IMG_20150725_155012 The column supporting the aircraft is made of stone and has numerous whimsical carvings representing forms of flight.

Roadhouses were a phenomenum of the 1920s and 30s, cashing in on the increased car ownership of the time, and the building of new roads to cater for them. The Comet sits near the A1 or as it was called ‘Great North Road’, which itself has been superceded by the M1.

Another early publicity photograph from the late 1930’s.

Roadhouses were very much an American concept, designed for the new car owning classes. These weren’t simply ‘pubs’, they were aspirational places where the motorist could stop on their journey to have a proper sit down meal and drink. Some roadhouses offered live entertainment or dancing, others provided rooms for an overnight stay. Sadly, this rather elegant and romantic world was cut short by the advent of World War Two. After the conflict things were very different, and by the 1950s car ownership had become more democratic. Long distance car journies were a more commonplace activity, in vehicles that were suited to the age of the motorway. Roadhouses were superceded by motorway services and the ‘Little Chef’ restaurants. The Comet is now owned by the Ramada hotel chain, and it had a large modern extension added to the back. At some point during the last forty years, the rather nice glass tower on the top of the building was taken away, which is a shame.

The main front bay today
The front rooms today
A ‘snug’ area, complete with original railwork.
The dining area taken in 1937. Note the aircraft design etched onto the mirrored wall. (from

My wife and I went to have a drink, and there is still echoes of its past in the building, with a number of art deco finishes. Ramada have furnished the rooms with Thirties influened furniture, and there are some reminders of the area’s aeronautical past in the form of framed pictures.

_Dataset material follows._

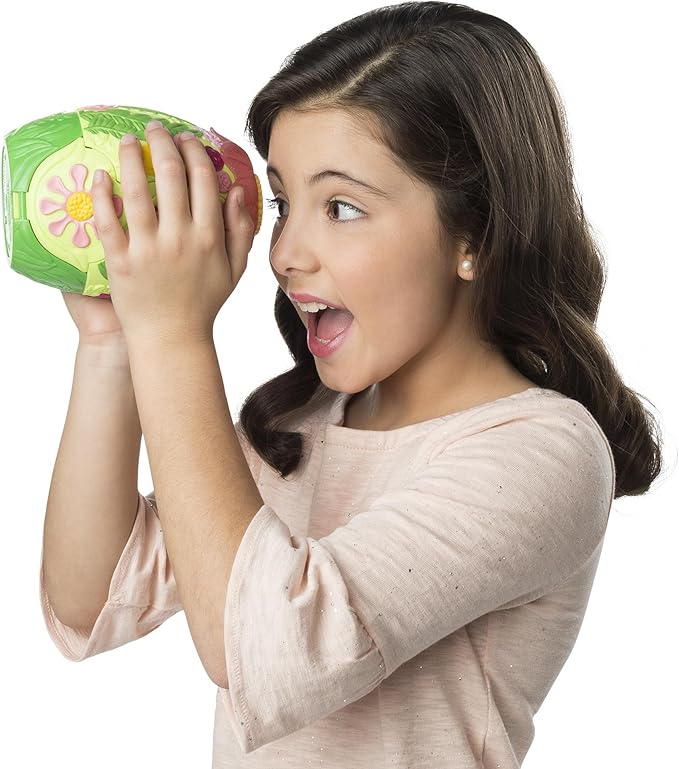 hatchimals jardin secreto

Sitting in the Comet, I imagined the types of people coming to the place, in its golden days. The sound of big motors, and tweed-jacketed Terry Thomas types arriving through the doors, some of them perhaps on their way to do a spot of flying at the airfield. Those days have long gone, as has the aviation. Over the road from the Comet is the huge Galleria shopping complex, and the M1 hums with traffic. Luckily this wonderful evocation of the past is still there to remind us of more genteel times. IMG_20150725_155047

The current owner’s website –

Text and colour images Copyright Mark Amies 2015.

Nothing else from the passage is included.